Wednesday, September 15, 2010

How Much is Proper to Give to the Needy?

What is our responsibility when it comes to using our financial resources to help the needy?  Are to give all we have to the poor?  The spiritual issue involved is about our love of money and our priority given to efforts to the acquisition of more and more for our own benefit and a luxurious life style.  As Paul said in his letter to Timothy, "For the love of money is the root of all evil" (Tim 6:10). In our alms giving we need to be reasonable as well as compassionate.

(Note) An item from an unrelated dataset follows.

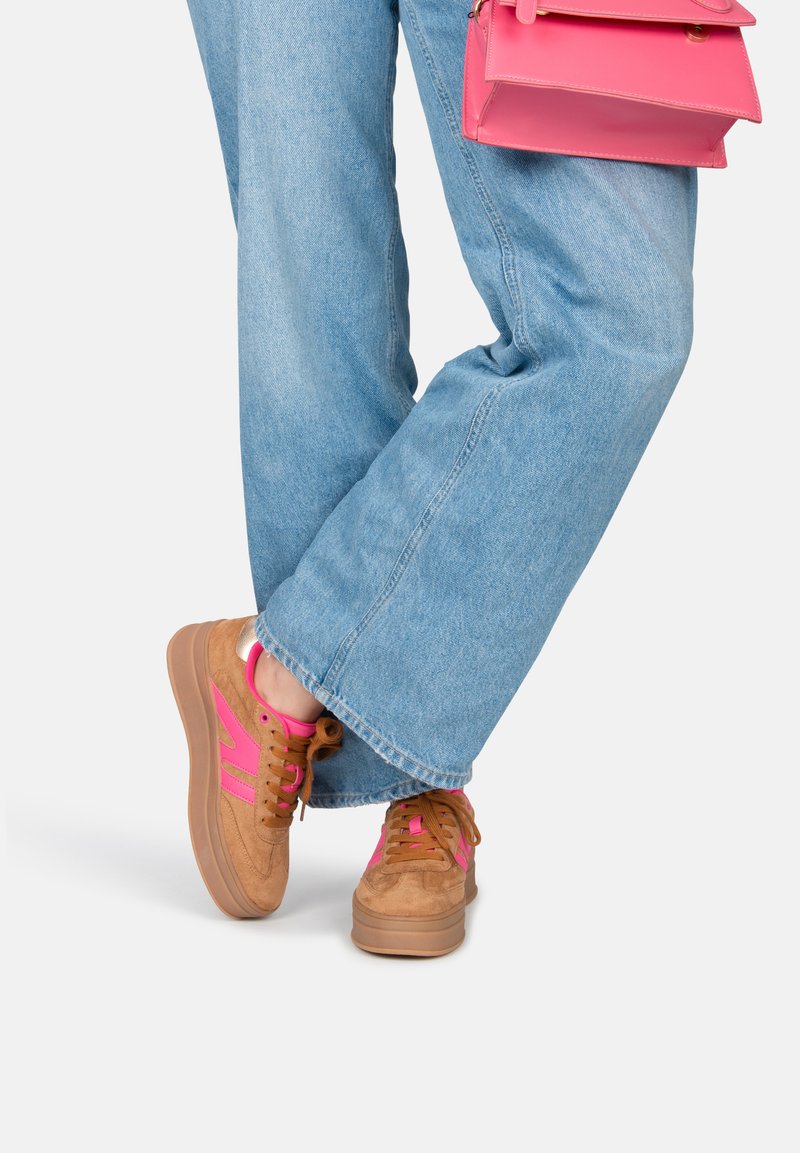 Baskets en suède marron avec des accents et des lacets roses, dotées d'une semelle épaisse beige. Portées avec un jean bleu à pattes larges.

We must remember that we have responsibilities to our family which need to be met.

Here is advice from Elder Marcarius,
Living in the world, surrounded by your family, you cannot possibly give away all of your possessions.  So you must aim at finding the golden mean, and strive to keep to it: never turn your back on the world, but see to it that the world does not engross you.  All things that your children require you should carefully keep for them.  Any surplus of any kind, give away to the needy.
He emphasizes the idea of reasonableness.  This is important as the needs of the needy are very large and one person cannot possible fulfill them all.  Our good intentions to give all we have to help others must be tempered with reason.

Elder Macarius says,
Give your mite with a feeling of deep compassion.  But above all be reasonable.
Even if you gave all you had, you could not properly alleviate the intense misery of them all.  On the other hand you have your family to care for and must strive to keep them comfortable, although it is right to dispense all luxury for yourself and them.
A part of this reasonableness is to avoid lavish spending. Every luxury can be seen as taking something away from those who do not have what they need for basic daily life.  

Finally the Elder says,
Humble yourself and find peace.
I recommend careful examination of your own expenses, with a view to cutting down a margin of unnecessary little luxuries.